Embedding API

Note

This page is generated automatically from the repository’s maintained Python module inventory.

Embedding providers, payload preparation, and the embedding service layer.

lalandre_embedding

Source: packages/lalandre_embedding/lalandre_embedding/__init__.py

Embedding package public API.

lalandre_embedding.base

Source: packages/lalandre_embedding/lalandre_embedding/base.py

Base class for embedding providers

class lalandre_embedding.base.EmbeddingProvider[source]

Bases: ABC

Abstract base class for embedding providers

abstractmethod embed_text(text)[source]

Generate embedding for a single text

Parameters:

text (str)

Return type:

List[float]

abstractmethod embed_batch(texts)[source]

Generate embeddings for multiple texts

Parameters:

texts (List[str])

Return type:

List[List[float]]

abstractmethod get_vector_size()[source]

Get the dimension of the embedding vectors

Return type:

int

estimate_tokens(text)[source]

Return a provider-native token count when available.

Parameters:

text (str)

Return type:

int | None

get_max_input_tokens()[source]

Return the provider-native max input length when known.

Return type:

int | None

class lalandre_embedding.base.SupportsCacheSize[source]

Bases: ABC

Protocol-like mixin for providers exposing cache occupancy.

abstractmethod get_cache_size()[source]

Return the current number of cached embeddings.

Return type:

int

class lalandre_embedding.base.SupportsNumKeys[source]

Bases: ABC

Protocol-like mixin for providers exposing API-key fan-out.

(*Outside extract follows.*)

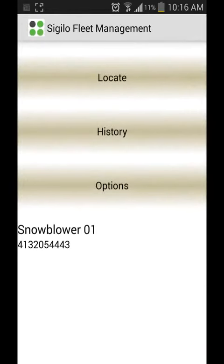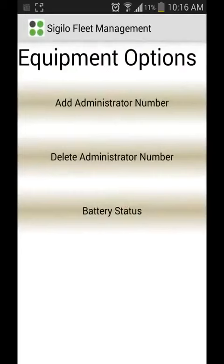Returning back to the previous menu, there is also an options menu. When we select that, we can either add or delete administrator numbers, and also view the battery status.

abstractmethod get_num_keys()[source]

Return the number of configured upstream API keys.

Return type:

int

lalandre_embedding.pipeline

Source: packages/lalandre_embedding/lalandre_embedding/pipeline.py

Reusable business logic for vector embedding.

Contains payload construction, batched embedding, mean-pooling, and incremental state tracking. The worker imports this module and delegates the heavy lifting here.

class lalandre_embedding.pipeline.ChunkEmbeddingService(*args, **kwargs)[source]

Bases: Protocol

Embedding interface required by the chunk embedding pipeline.

embed_batch(texts, batch_size=None)[source]

Embed a batch of texts and preserve input ordering.

Parameters:
  • texts (list[str])

  • batch_size (int | None)

Return type:

list[list[float]]

estimate_tokens(text)[source]

Estimate the token count for one input text when supported.

Parameters:

text (str)

Return type:

int | None

lalandre_embedding.pipeline.compute_payload_hash(payload)[source]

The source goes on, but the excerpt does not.